Photo: Lyudmila Sirko

« Dans chaque maison ou presque, les gens ont accueilli des réfugies internes. Mais si c’est une chose d’héberger des adultes, c’est plus difficile avec les enfants. J’ai publié un message sur mes réseaux sociaux: « Aidez-nous à organiser un centre de loisirs! » Et la solidarité que nous avons ressentie a été immense ».

Lyudmila est spécialiste dans les affaires familiales et, avant l’invasion à grande échelle, elle était conseil juridique à Energodar et dans la région de Vassilivka et de Zaporijjia. Elle a poursuivi cette activité dans le village Delyatyn. L’association « Le cercle de famille/L’expertise sociale » offre par le biais de Telegram une assistance gratuite aux personnes déplacées et aux habitants des territoires occupés.
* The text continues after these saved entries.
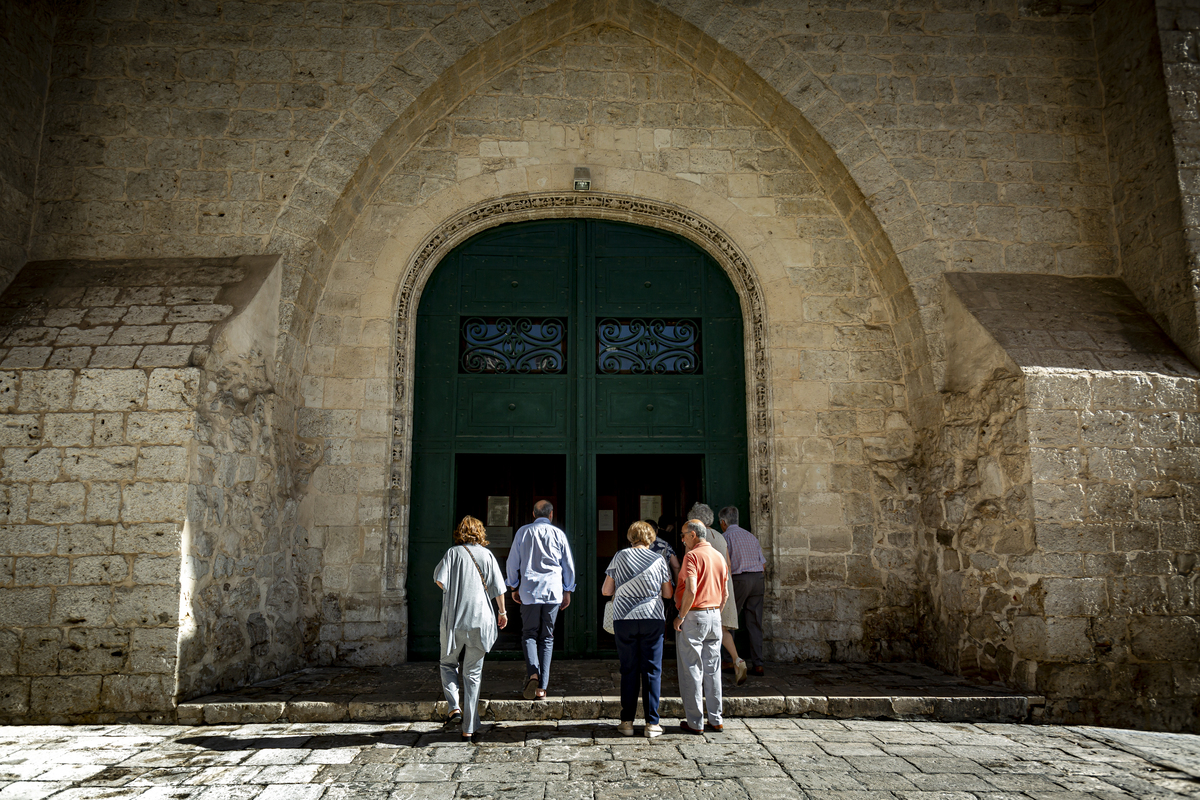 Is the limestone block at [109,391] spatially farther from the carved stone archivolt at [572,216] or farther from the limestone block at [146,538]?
the carved stone archivolt at [572,216]

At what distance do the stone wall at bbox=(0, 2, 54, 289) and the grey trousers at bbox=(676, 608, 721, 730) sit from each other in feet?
18.4

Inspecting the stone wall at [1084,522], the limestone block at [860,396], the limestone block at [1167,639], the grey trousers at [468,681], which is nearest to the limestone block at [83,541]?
the grey trousers at [468,681]

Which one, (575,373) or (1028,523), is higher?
(575,373)

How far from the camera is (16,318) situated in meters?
5.07

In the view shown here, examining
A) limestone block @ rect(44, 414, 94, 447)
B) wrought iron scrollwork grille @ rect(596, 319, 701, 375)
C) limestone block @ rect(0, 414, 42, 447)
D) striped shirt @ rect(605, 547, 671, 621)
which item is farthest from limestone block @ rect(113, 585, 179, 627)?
wrought iron scrollwork grille @ rect(596, 319, 701, 375)

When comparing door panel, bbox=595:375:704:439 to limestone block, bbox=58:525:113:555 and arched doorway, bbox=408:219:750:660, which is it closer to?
arched doorway, bbox=408:219:750:660

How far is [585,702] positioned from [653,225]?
13.8 ft

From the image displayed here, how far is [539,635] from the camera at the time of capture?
4766mm

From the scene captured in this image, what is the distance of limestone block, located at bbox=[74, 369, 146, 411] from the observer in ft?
15.3

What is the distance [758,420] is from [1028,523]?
7.17 ft

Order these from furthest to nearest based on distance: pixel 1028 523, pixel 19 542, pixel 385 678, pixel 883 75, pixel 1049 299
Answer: pixel 883 75, pixel 1049 299, pixel 385 678, pixel 1028 523, pixel 19 542

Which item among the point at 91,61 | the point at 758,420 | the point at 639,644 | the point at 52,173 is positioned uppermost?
the point at 91,61

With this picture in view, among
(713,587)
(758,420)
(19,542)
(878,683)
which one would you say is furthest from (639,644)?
(19,542)

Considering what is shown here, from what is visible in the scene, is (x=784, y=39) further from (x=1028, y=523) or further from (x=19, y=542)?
(x=19, y=542) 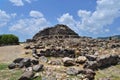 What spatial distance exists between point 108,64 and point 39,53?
248 inches

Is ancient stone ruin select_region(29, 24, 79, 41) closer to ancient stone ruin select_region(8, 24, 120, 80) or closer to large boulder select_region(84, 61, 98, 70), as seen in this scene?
ancient stone ruin select_region(8, 24, 120, 80)

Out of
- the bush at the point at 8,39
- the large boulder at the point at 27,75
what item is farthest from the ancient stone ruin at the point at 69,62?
the bush at the point at 8,39

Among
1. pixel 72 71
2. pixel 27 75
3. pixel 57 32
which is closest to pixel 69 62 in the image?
pixel 72 71

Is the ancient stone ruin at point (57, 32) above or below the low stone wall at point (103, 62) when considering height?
above

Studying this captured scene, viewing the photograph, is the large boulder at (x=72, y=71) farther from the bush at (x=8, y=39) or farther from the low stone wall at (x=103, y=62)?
the bush at (x=8, y=39)

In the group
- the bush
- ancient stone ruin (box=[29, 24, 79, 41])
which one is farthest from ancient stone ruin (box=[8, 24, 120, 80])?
the bush

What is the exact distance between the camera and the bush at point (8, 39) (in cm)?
3975

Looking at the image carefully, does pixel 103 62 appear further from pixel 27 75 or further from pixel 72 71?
pixel 27 75

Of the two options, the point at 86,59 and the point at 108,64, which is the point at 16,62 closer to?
the point at 86,59

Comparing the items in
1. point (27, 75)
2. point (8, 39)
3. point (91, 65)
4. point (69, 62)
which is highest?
point (8, 39)

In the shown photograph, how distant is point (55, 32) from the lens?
127 ft

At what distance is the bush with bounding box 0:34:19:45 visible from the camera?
3975 cm

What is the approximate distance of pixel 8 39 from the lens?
4012 centimetres

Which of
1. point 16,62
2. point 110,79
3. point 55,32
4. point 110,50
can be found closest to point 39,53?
point 16,62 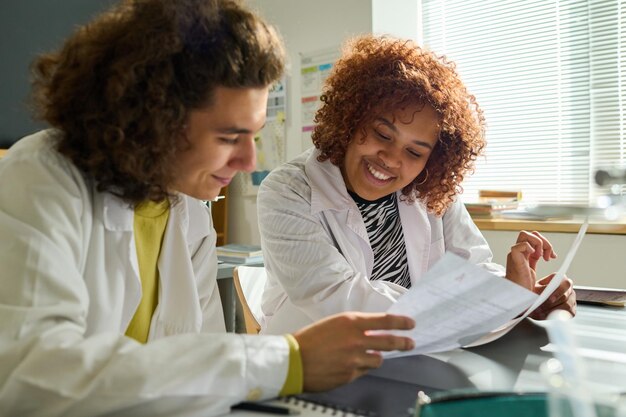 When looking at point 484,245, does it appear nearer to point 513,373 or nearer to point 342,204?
point 342,204

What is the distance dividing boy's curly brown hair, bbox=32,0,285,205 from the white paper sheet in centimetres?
40

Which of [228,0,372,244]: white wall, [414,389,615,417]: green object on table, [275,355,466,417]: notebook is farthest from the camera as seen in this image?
[228,0,372,244]: white wall

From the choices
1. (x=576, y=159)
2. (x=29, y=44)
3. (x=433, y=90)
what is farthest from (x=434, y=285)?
(x=29, y=44)

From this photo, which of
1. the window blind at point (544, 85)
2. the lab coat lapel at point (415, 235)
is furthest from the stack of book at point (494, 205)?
the lab coat lapel at point (415, 235)

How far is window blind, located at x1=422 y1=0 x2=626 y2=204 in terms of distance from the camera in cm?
273

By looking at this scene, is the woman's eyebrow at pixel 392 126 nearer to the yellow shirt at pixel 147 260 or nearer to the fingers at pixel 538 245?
the fingers at pixel 538 245

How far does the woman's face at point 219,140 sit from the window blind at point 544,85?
2228 mm

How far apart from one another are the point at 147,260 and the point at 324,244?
1.37 feet

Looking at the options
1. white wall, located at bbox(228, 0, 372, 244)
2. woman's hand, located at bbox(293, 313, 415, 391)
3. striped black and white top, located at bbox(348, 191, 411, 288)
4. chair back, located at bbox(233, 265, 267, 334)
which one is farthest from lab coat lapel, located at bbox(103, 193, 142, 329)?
white wall, located at bbox(228, 0, 372, 244)

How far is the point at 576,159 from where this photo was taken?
2863 mm

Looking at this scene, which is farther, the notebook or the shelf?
the shelf

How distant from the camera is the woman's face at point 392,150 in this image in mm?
1438

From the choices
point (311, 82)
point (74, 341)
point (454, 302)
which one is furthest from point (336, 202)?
point (311, 82)

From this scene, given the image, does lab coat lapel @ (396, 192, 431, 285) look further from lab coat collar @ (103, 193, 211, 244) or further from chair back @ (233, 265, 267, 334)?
lab coat collar @ (103, 193, 211, 244) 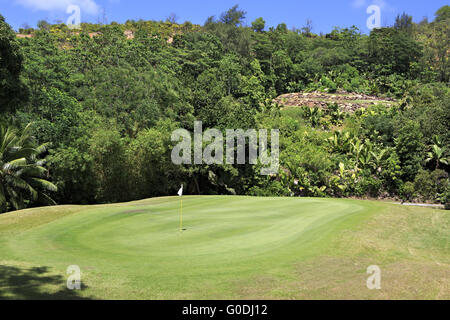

Selon Lyudmila, « la plupart des gens se sont adressés à nous pour des questions familiales, car la guerre a séparé beaucoup de familles. Les crises qui existaient avant l’invasion sont devenues plus aigües : déplacements d’enfants à l’étranger, divorces, privation des droits parentaux, détermination du lieu de résidence des enfants… Il y a aussi eu des demandes concernant la vente de biens immobiliers dans les territoires temporairement occupés ».

Photo: le travail d’association à Delyatyn

« Nous avons aidé les citoyens des territoires temporairement occupés. Après le début de l’occupation d’Energodar, le 2 mars, les juristes, les notaires et les juges ont suspendu leur activité en ville. Tout était bloqué et nous avons conseillé les gens par téléphone et en ligne, mais aussi par le biais de Telegram. Les gens nous ont beaucoup écrit et téléphoné ».

La famille a vécu pendant un an à Delyatyn, puis est revenue à Zaporijjia. Lyudmila est devenue responsable adjointe de l’administration militaire du village Blagovichchinske. La décision a été difficile à prendre, car à Delyatin, ils avaient la possibilité d’inscrire leurs filles à l’école maternelle, alors qu’à Zaporijjia, qui se trouve à 130 kilomètres de la ville occupée d’Energodar, cette possibilité n’existe pas.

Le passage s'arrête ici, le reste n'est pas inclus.